Panethnic groups in the City of Barrie (2001−2021)
| Panethnic group | 2021 |  | 2016 |  | 2011 |  | 2006 |  | 2001 |  |
| Pop. | % | Pop. | % | Pop. | % | Pop. | % | Pop. | % |
| European | 115,215 | 79.25% | 119,535 | 85.96% | 119,705 | 89.84% | 115,650 | 91.19% | 95,865 | 93.67% |
| South Asian | 6,435 | 4.43% | 3,035 | 2.18% | 1,760 | 1.32% | 1,590 | 1.25% | 990 | 0.97% |
| African | 5,670 | 3.9% | 3,695 | 2.66% | 2,525 | 1.9% | 1,880 | 1.48% | 1,185 | 1.16% |
| Indigenous | 5,320 | 3.66% | 5,255 | 3.78% | 3,440 | 2.58% | 2,660 | 2.1% | 1,520 | 1.49% |
| East Asian | 3,255 | 2.24% | 2,450 | 1.76% | 1,790 | 1.34% | 1,600 | 1.26% | 1,195 | 1.17% |
| Southeast Asian | 3,035 | 2.09% | 1,885 | 1.36% | 1,455 | 1.09% | 1,275 | 1.01% | 555 | 0.54% |
| Latin American | 2,910 | 2% | 1,465 | 1.05% | 1,105 | 0.83% | 1,020 | 0.8% | 540 | 0.53% |
| Middle Eastern | 1,875 | 1.29% | 720 | 0.52% | 450 | 0.34% | 555 | 0.44% | 320 | 0.31% |
| Other | 1,660 | 1.14% | 1,020 | 0.73% | 1,015 | 0.76% | 585 | 0.46% | 180 | 0.18% |
| Total responses | 145,385 | 98.35% | 139,060 | 98.32% | 133,240 | 98.18% | 126,830 | 98.75% | 102,345 | 98.68% |
| Total population | 147,829 | 100% | 141,434 | 100% | 135,711 | 100% | 128,430 | 100% | 103,710 | 100% |

- Note: Totals greater than 100% due to multiple origin responses.

=== Religion ===
According to the 2021 Census, Barrie was 52.5% Christian, down from 66.3% in 2011. 23.6% of Barrie residents were Catholic, 15.9% were Protestants, 8.2% were Christians of unspecified denomination, and 1.5% were Christian Orthodox. Adherents to other denominations of Christianity and Christian-related traditions accounted for 3.4% of the population. 40.8% of Barrie residents were nonreligious/secular, up from 31.0% in 2011. All other religions and spiritual traditions combined make up 6.7% of residents. The largest non-Christian religions in Barrie are Islam (2.5%), Hinduism (1.5%), and Sikhism (0.8%).

== Economy ==
- Royal Victoria Regional Health Centre
- Georgian College and the associated University Partnership Centre and Centre for Health and Wellness
- City of Barrie
- County of Simcoe
- Simcoe County District School Board
- TD Canada Trust and TD Waterhouse Regional Centre
- TD Canada Trust Technology and Operations Centre
- Scotiabank Regional Centre
- BMO Data Centre
- IBM Canada Leadership Data Centre
- Coca-Cola Bottling Company
- Canadian Mental Health Association – Simcoe
- Hydro One Ontario Grid Control Centre

Notwithstanding these major employers, Barrie has increasingly been perceived as a bedroom community for the City of Toronto, which is approximately 90 km south of Barrie. In recent decades however Barrie's economy has diversified, and the local population's reliance on commuting to Toronto has decreased. The city's economy is rooted in retail, education, healthcare, services, manufacturing and technology. Major employers in the city include the Simcoe County District School Board with 6,000 employees along with the Simcoe Muskoka Catholic District School Board with 3,400 employees, Georgian College with 2,500 employees and the Royal Victoria Hospital with 2,465 employees.

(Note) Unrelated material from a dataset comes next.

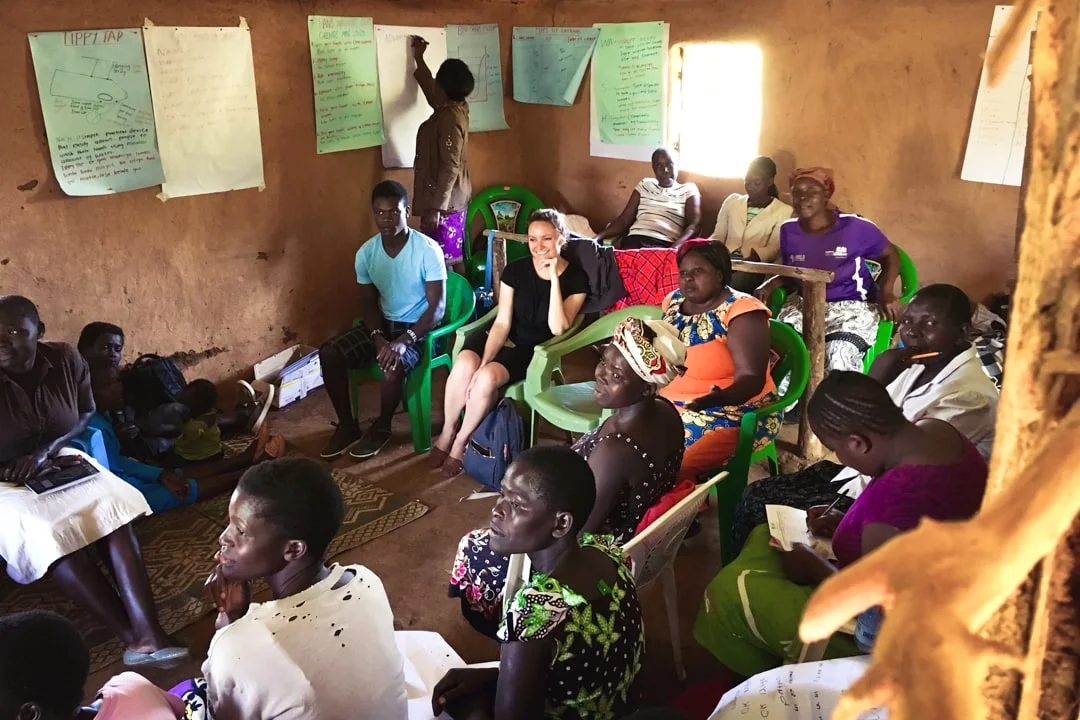 Mighty Ally Co-founder Kathleen Souder sitting in the middle of members from the Lwala Community Alliance in Kenya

Barrie has emerged as a growing tech-hub with several companies such as IBM and BMO constructing data centres in the city. Although not as prominent as cities like Markham or Waterloo in the tech industry, Barrie is considered one of the best high-tech centres in the country for small markets.

=== Tourism ===
Tourism plays an important role in the local economy. Barrie's historic downtown and waterfront are at the heart of its tourism industry. Downtown Barrie has a number of older buildings that have been kept up over the years or given new facades that exemplify their historical importance. Several specialty shops, boutiques, pubs and restaurants are located throughout downtown Barrie, including along Dunlop Street East. Downtown Barrie is becoming well known for its fashion boutiques, local art, live theatre, indie-music and nightlife scenes. In addition, downtown Barrie is home to several annual festivals and events such as The Barrie Waterfront Festival, Barrielicious, Winterfest, Celebrate Barrie, Ecofest, Jazz & Blues Festival, Promenade Days, Ribfest and Craft Beer Show, Caribfest, Lawnchair Luminata, Kempenfest, The New Music Festival, Barrie Film Festival, Santa Claus Parade and the New Year's Countdown.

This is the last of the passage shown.